> ASSIGNMENT
Output the lines from the one holding "art. Geometric mosaic." to the end of the entries that follow, exactly and only those, minus any pictures.

--- TASK INPUTS ---

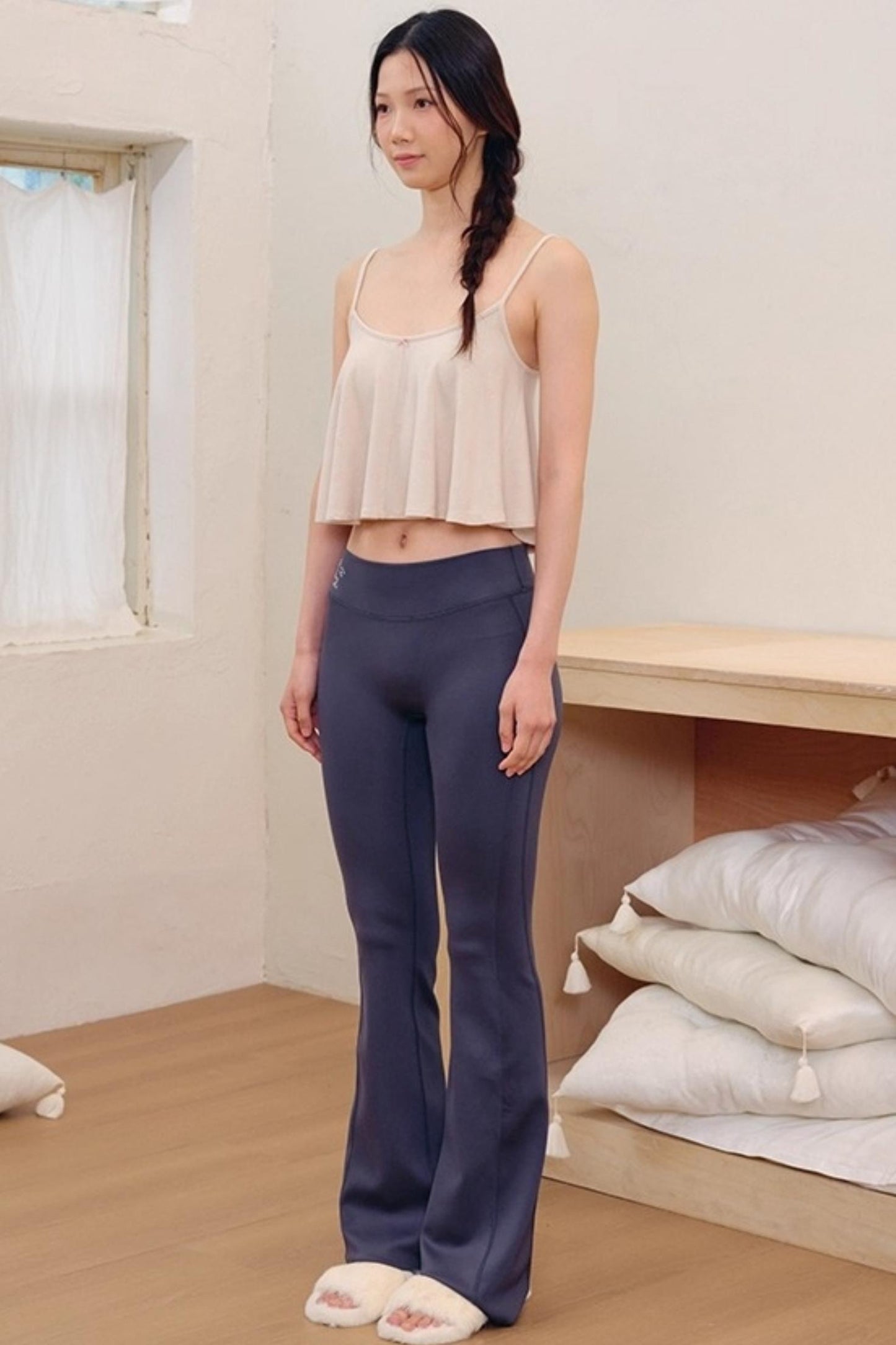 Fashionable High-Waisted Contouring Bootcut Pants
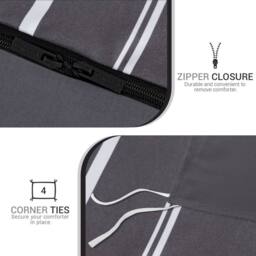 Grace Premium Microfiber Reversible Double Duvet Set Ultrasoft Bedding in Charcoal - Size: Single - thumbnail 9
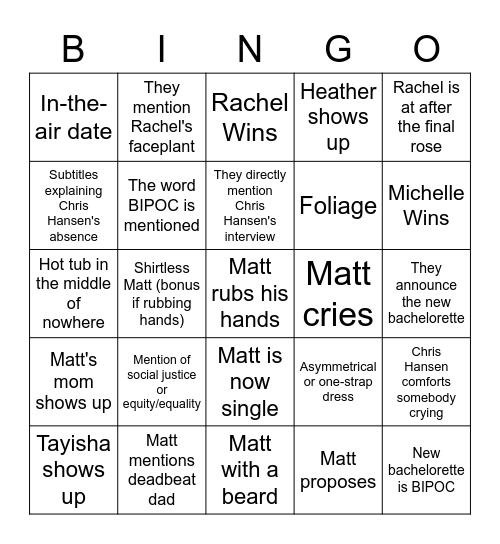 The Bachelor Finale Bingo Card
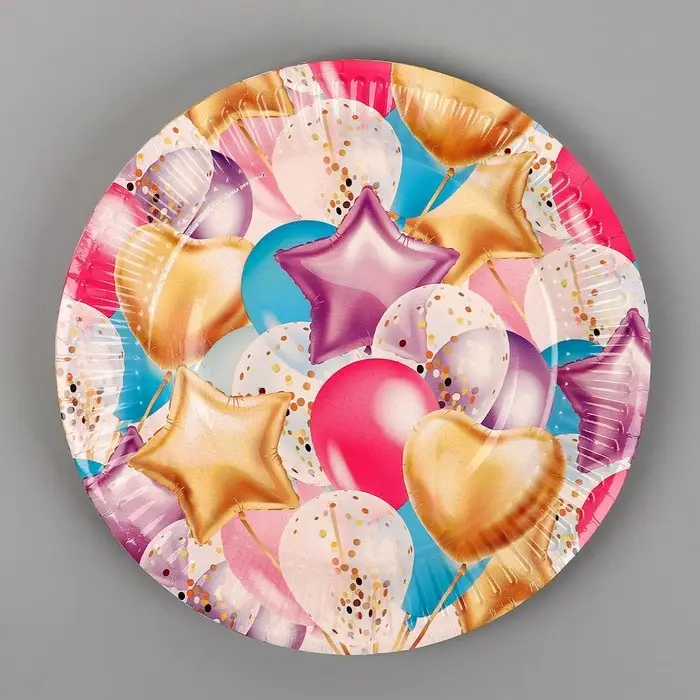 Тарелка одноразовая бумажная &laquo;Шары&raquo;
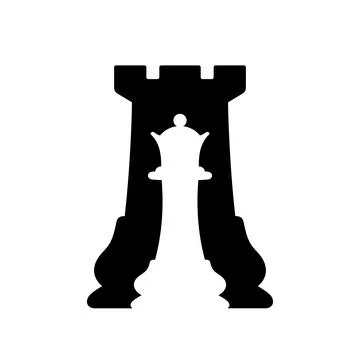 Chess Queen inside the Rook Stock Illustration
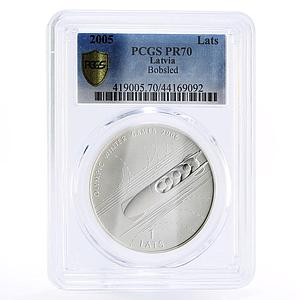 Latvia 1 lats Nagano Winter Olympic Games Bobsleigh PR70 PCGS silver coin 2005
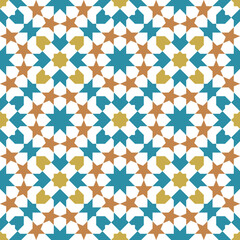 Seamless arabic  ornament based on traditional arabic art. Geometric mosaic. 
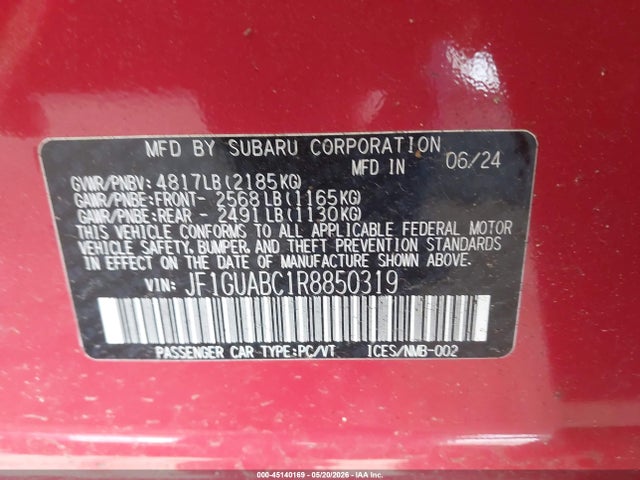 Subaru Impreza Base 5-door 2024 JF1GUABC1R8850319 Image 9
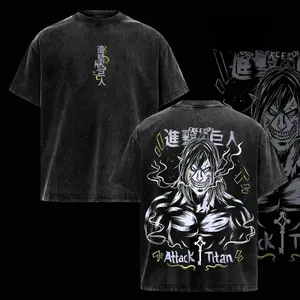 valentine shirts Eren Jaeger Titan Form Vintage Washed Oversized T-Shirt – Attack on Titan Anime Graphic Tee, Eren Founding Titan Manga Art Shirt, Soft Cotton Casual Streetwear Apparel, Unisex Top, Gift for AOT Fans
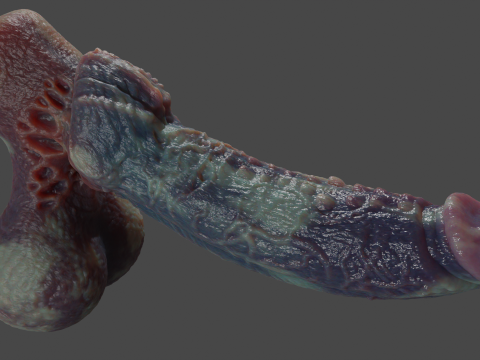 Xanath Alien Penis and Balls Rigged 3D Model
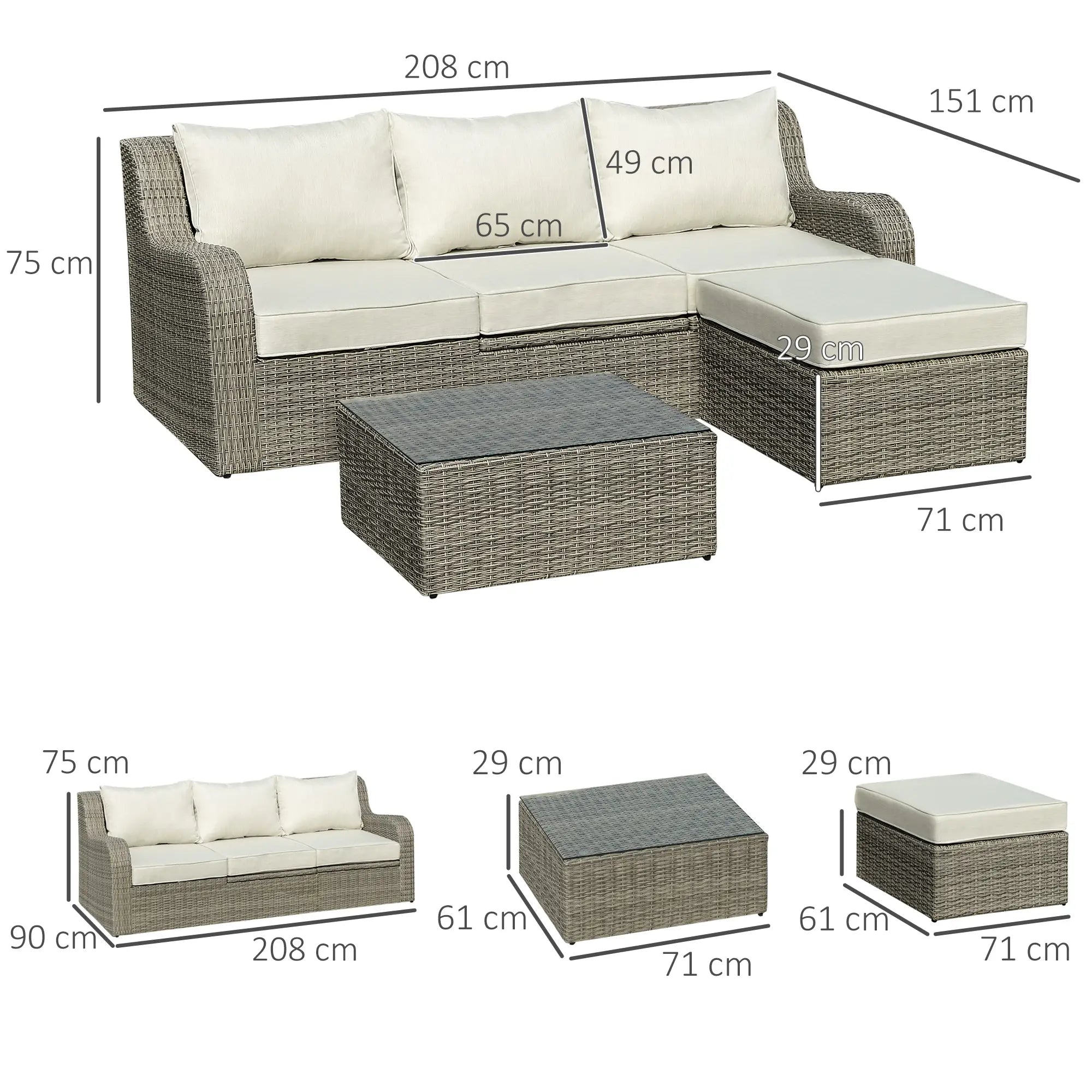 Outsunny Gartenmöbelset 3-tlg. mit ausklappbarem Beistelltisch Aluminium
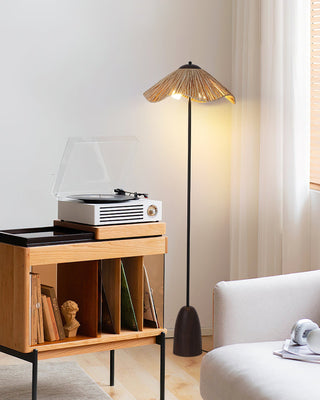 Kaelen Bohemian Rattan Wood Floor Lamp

---

> ANSWER TO THE PROBLEM
 Seamless arabic  ornament based on traditional arabic art. Geometric mosaic. 
 Subaru Impreza Base 5-door 2024 JF1GUABC1R8850319 Image 9
 valentine shirts Eren Jaeger Titan Form Vintage Washed Oversized T-Shirt – Attack on Titan Anime Graphic Tee, Eren Founding Titan Manga Art Shirt, Soft Cotton Casual Streetwear Apparel, Unisex Top, Gift for AOT Fans
 Xanath Alien Penis and Balls Rigged 3D Model
 Outsunny Gartenmöbelset 3-tlg. mit ausklappbarem Beistelltisch Aluminium
 Kaelen Bohemian Rattan Wood Floor Lamp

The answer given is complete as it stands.